Quote:Original post by Monder
A simple method is applying a bandpass filter to the signal that is centred around the pitch that it should be (or you think it is) and then using a zero crossing detector which just looks at all the times the signal crosses the zero, the spacing between the zero crossings is the period of the signal, so you can get the frequency from that.

You could also do a fourier transform and look at the frequency spectrum, e.g. find the frequency with the highest peak and call that the pitch.


I'll be upfront and say I don't know a whole lot of DSP theory, but it seems like your first suggestion wouldn't work. Correct me if I'm wrong, but it seems like you're saying to do this all in the time domain (by the "look at all the times the signal crosses the zero" comment). But when in the time domain, applying a band pass filter doesn't make sense because the BPF implies, as you said, is centered about a specific frequency, i.e., it's defined for the frequency domain of the spectrum you obtain after transforming the signal. Plus, if you are in the time domain and do count the number of zero crossings when windowing a portion of the signal, that might not give you a good estimate if the signal begins containing many partials which will cause interference, resulting in many zero crossings across one period of the fundamental.

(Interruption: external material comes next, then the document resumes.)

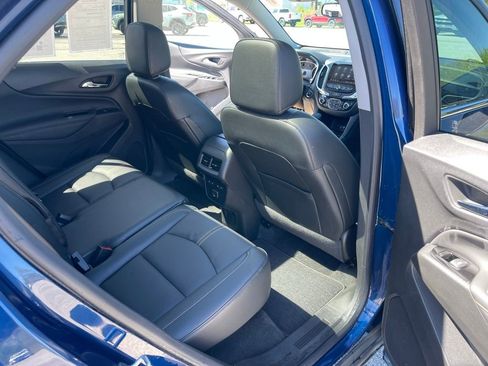 Used 2022 Chevrolet Equinox Premier FWD image 17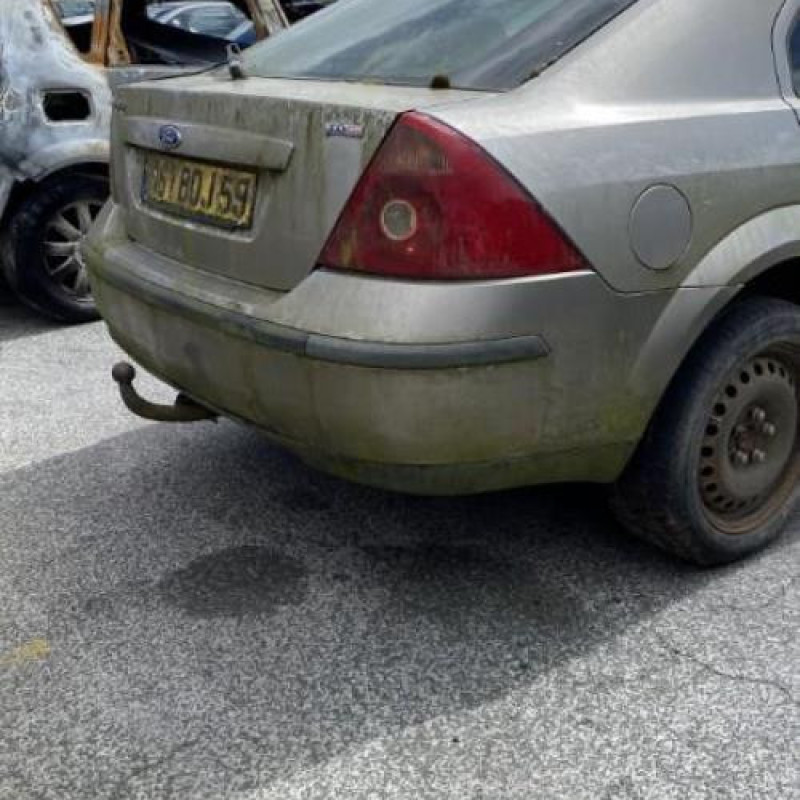 Vitre arriere gauche FORD MONDEO 2 Photo n°16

The second idea though should work. Your fundamental ought to be the largest peak in your frequency spectrum, which as was said is obtained by FFTing the signal. Using your list of frequencies for notes, you can see if the peak you found relates to one of those frequencies or a frequency that's n octaves above/below your reference frequency. I have no idea though on the efficiency of such an algorithm.
Once I made a simple tuner for my guitar. I used FFTW to apply a fourier transformate to get the frequencies spectrum. Then I get the freq. with the higher amplitude. At least, IIRC. If you search here in GD you could find my old topics and the answers I've got.
Indeed, the only 'safe' way to do this is to analyse the frequency spectrum. There are many resources out there regarding the Fourier transform (in particular, the FFT), which you can cannibalise to reasonable effect, but I recommend you first take a search on what is known as the Q-transform, as it's precisely what you need.

The Q-transform is very similar to the discrete Fourier-transform, only the filters are geometrically-spaced, so that the resulting function represents notes, rather than frequencies. Given a Q-transform of your sample, you need only find the peak value, and you'll know which note is dominant.

However, I have no idea how much source code you'll find on the topic, so you may have to make do with a FFT. The Fourier-transform of a data set can be converted quickly into a Q-transform, as described in this paper, but you may get away with a rough approximation such as summing the first few octaves under respective band-pass-filters.
There are a good few fast Fourier-transform libraries out there, though I never found one I was truly happy with. If I had to recommend, I'd choose FFTW for power and flexibility, or Laurent de Sora's FFTReal for ease-of-use.

Admiral
Ring3 Circus - Diary of a programmer, journal of a hacker.